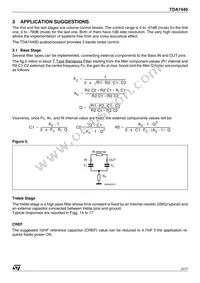 TDA7440D Datasheet Page 5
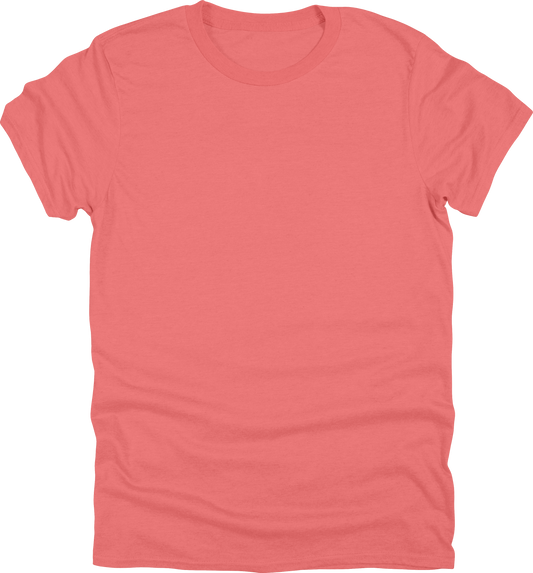 Coral Silk color - mockup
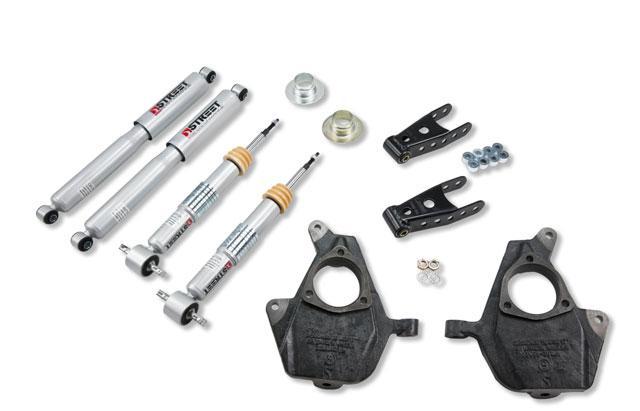Belltech 09-13 Ford F150 Ext&Quad Cab Short Bed 2WD Lowering Kit w/ SP Shocks 5.5in R Drop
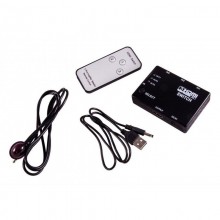 HDMI Switch 3 intrari cu telecomanda
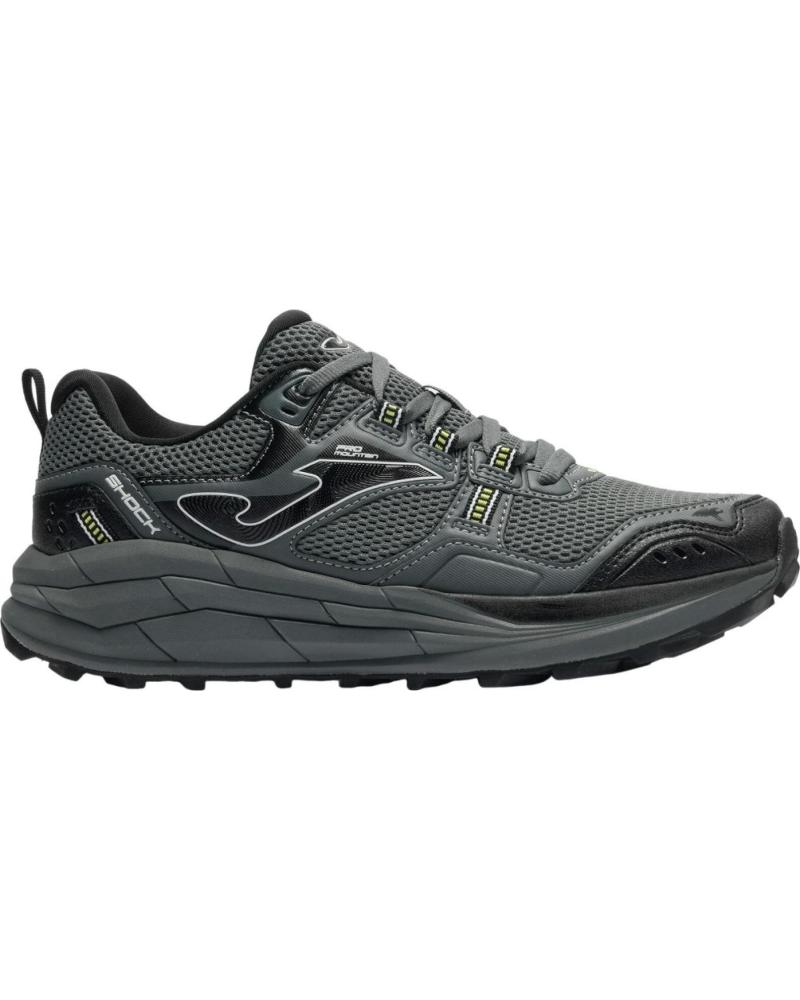 ZAPATILLA DEPORTIVA JOMA SHOCK 2612 HOMBRE TRAIL RUNNING GRIS GRIS
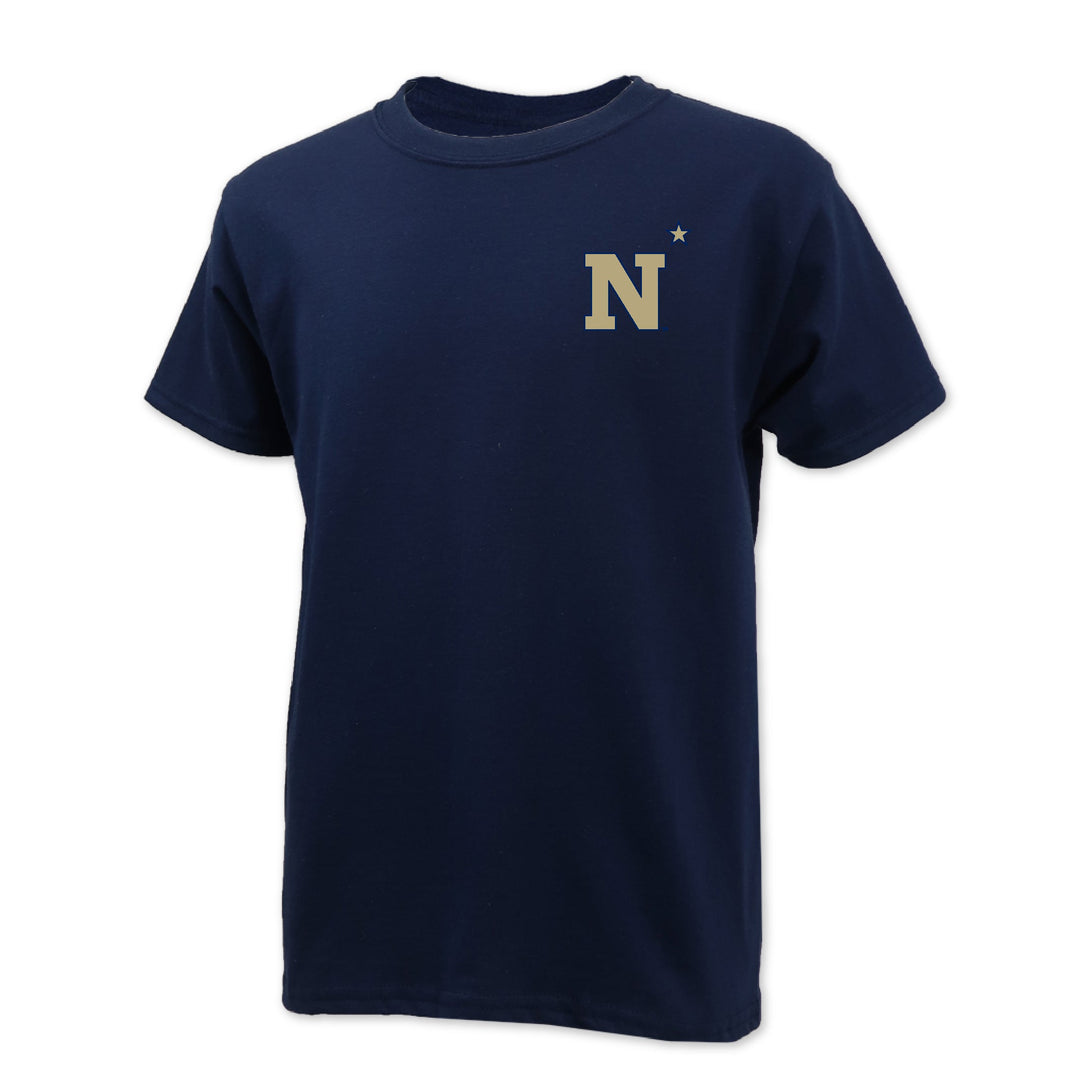 Pick Your Design USNA Youth T-Shirt (Navy)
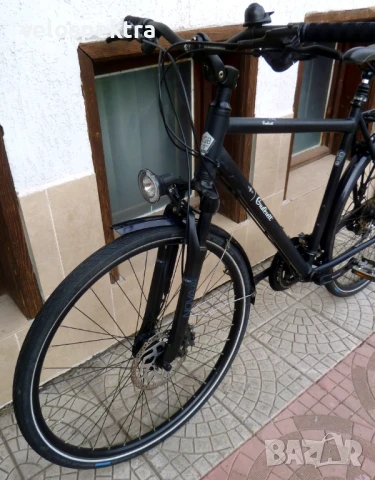 ГУДЕРАЙТ ! 24 скорости ! Турер ! Хидравлики ! Германия!, снимка 3 - Велосипеди - 51378542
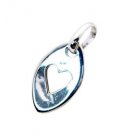 Riyo Plain Wholesale Silver Jewellery Party Pendant L 1in Sppla-120004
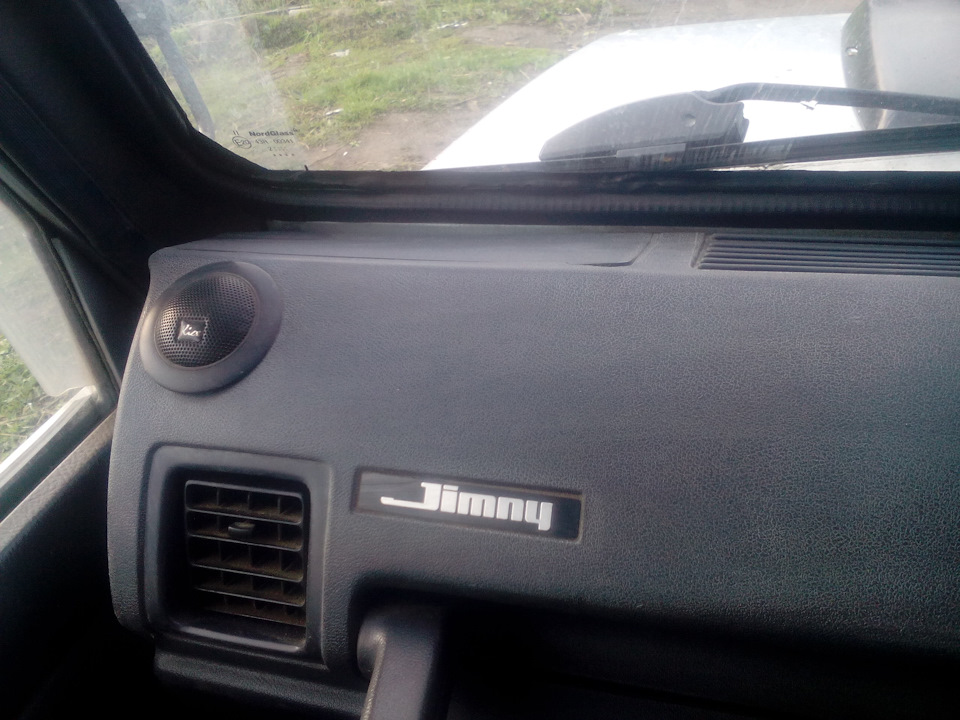 Фото в бортжурнале Suzuki Samurai. Запчасти на фото: Q0040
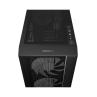 Caja ordenador gaming deepcool matrexx55 mesh v4 atx cristal templado negro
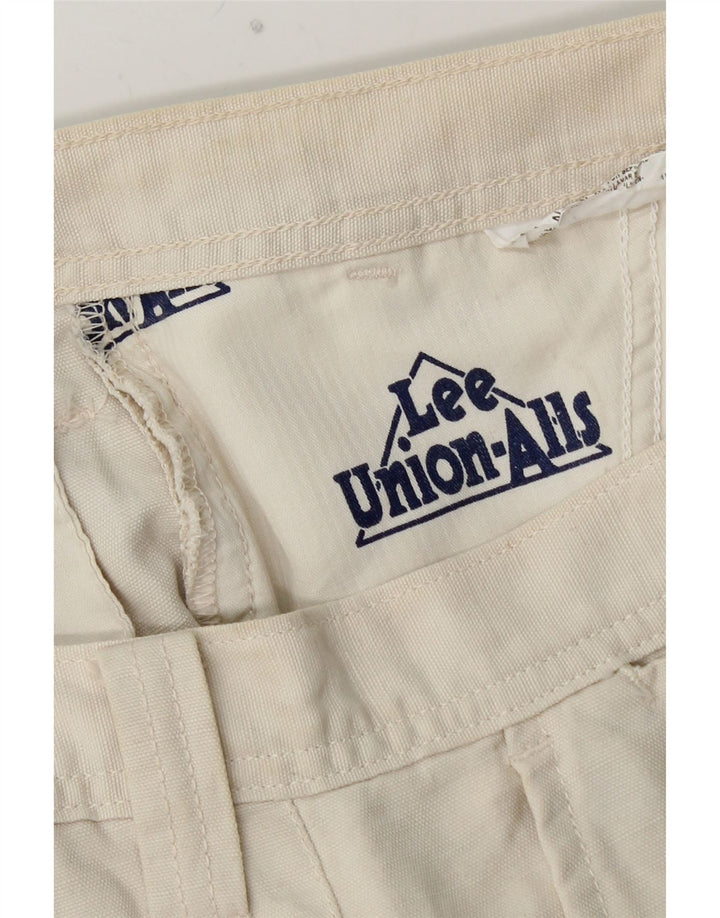 LEE muške ravne chino hlače W36 L30 Off White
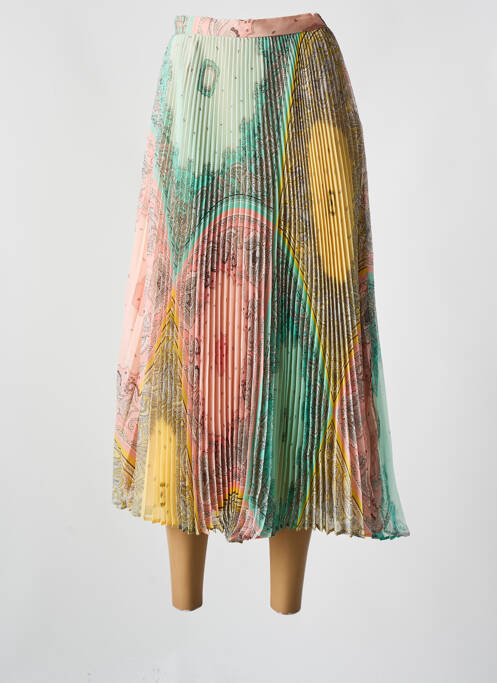 Fustă midi roz TWINSET femeie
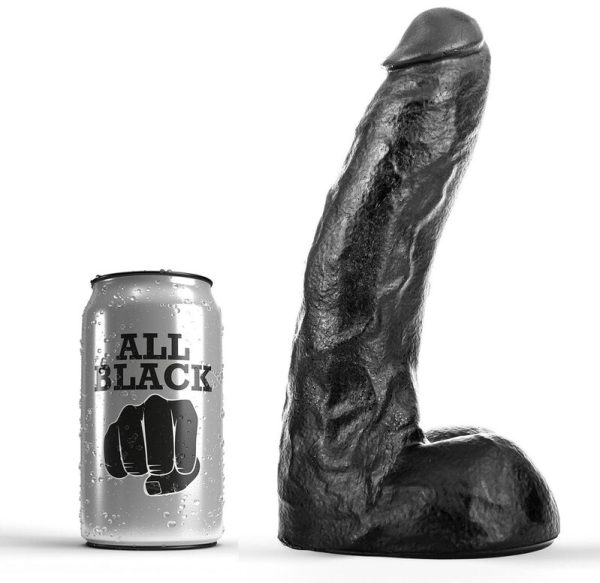 ALL BLACK – 22 cm dongas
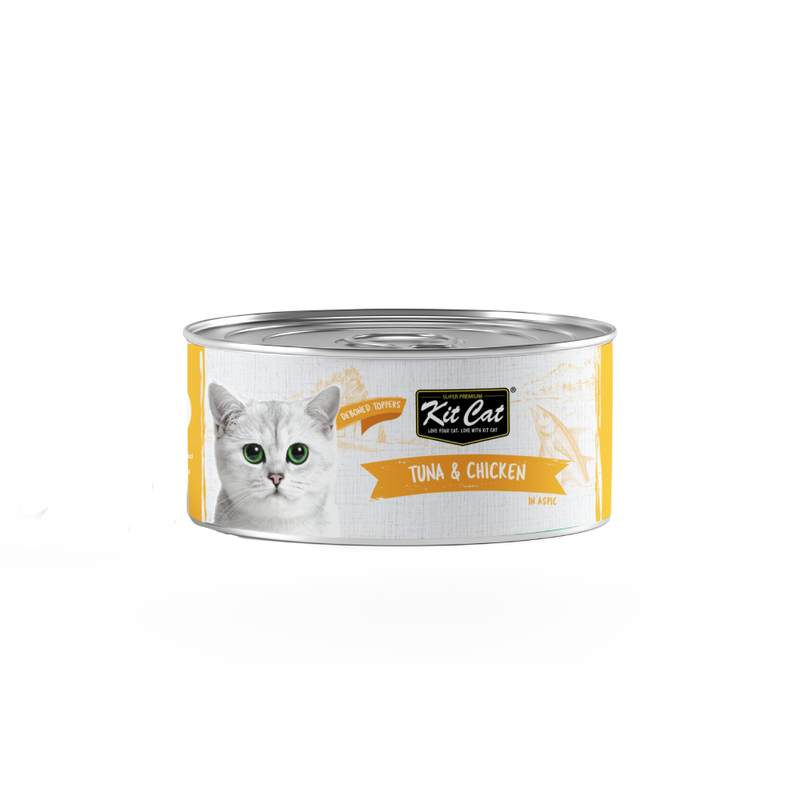 KitCat Ocean Pure Deboned Tuna & Chicken 80g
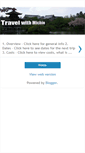 Mobile Screenshot of michietrip-2.blogspot.com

[The problem] Give the records back verbatim, pictures excluded.

[Result]
 TDA7440D Datasheet Page 5
 Coral Silk color - mockup
Belltech 09-13 Ford F150 Ext&Quad Cab Short Bed 2WD Lowering Kit w/ SP Shocks 5.5in R Drop
 HDMI Switch 3 intrari cu telecomanda
 ZAPATILLA DEPORTIVA JOMA SHOCK 2612 HOMBRE TRAIL RUNNING GRIS GRIS
 Pick Your Design USNA Youth T-Shirt (Navy)
 ГУДЕРАЙТ ! 24 скорости ! Турер ! Хидравлики ! Германия!, снимка 3 - Велосипеди - 51378542
 Riyo Plain Wholesale Silver Jewellery Party Pendant L 1in Sppla-120004
 Фото в бортжурнале Suzuki Samurai. Запчасти на фото: Q0040
 Caja ordenador gaming deepcool matrexx55 mesh v4 atx cristal templado negro
 LEE muške ravne chino hlače W36 L30 Off White
 Fustă midi roz TWINSET femeie
 ALL BLACK – 22 cm dongas
 KitCat Ocean Pure Deboned Tuna & Chicken 80g
 Mobile Screenshot of michietrip-2.blogspot.com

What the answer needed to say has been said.